[Crawled caption data]
Content starts
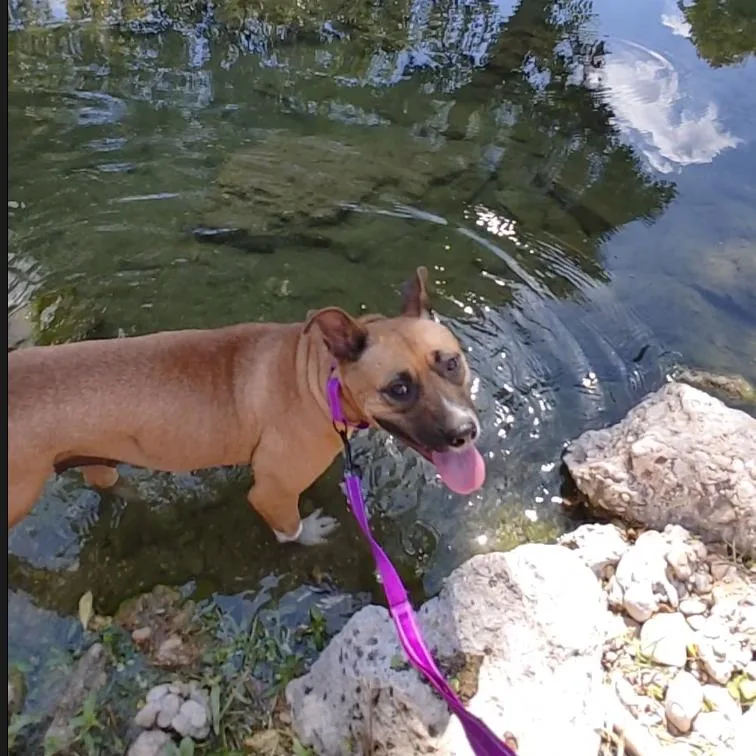 Nala thumbnail 2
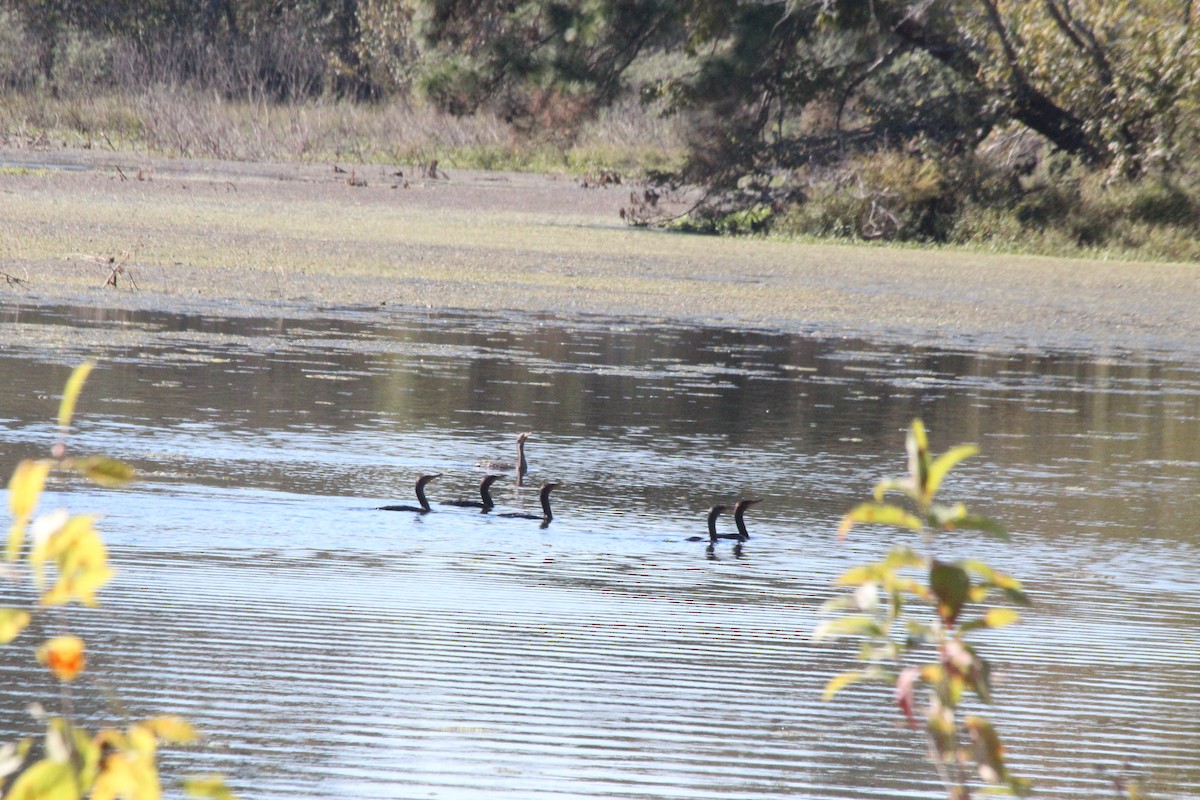 Double-crested Cormorant - ML626632429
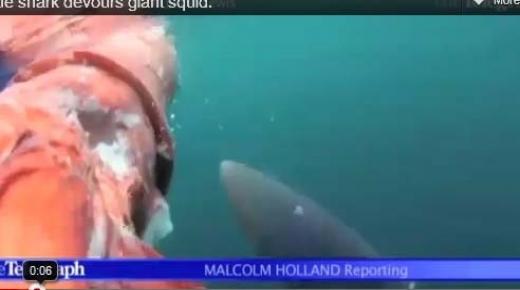 سمكة قرش تلتهم حبار عملاق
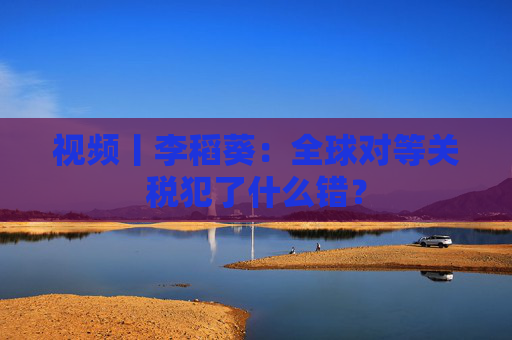 视频丨李稻葵：全球对等关税犯了什么错？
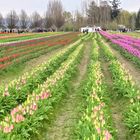 Tulips in the Rain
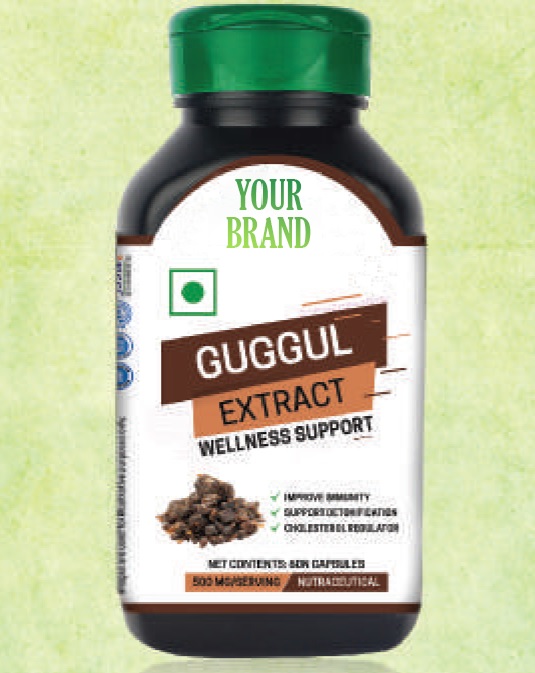  Guggul Capsules, for Supplement Diet, Certification : FSSAI Certified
Content ends
About this exercise:
Reproduce each record from above exactly; pictures do not belong in the copy.

Task solution:
 Nala thumbnail 2
 Double-crested Cormorant - ML626632429
 سمكة قرش تلتهم حبار عملاق
 视频丨李稻葵：全球对等关税犯了什么错？
 Tulips in the Rain
  Guggul Capsules, for Supplement Diet, Certification : FSSAI Certified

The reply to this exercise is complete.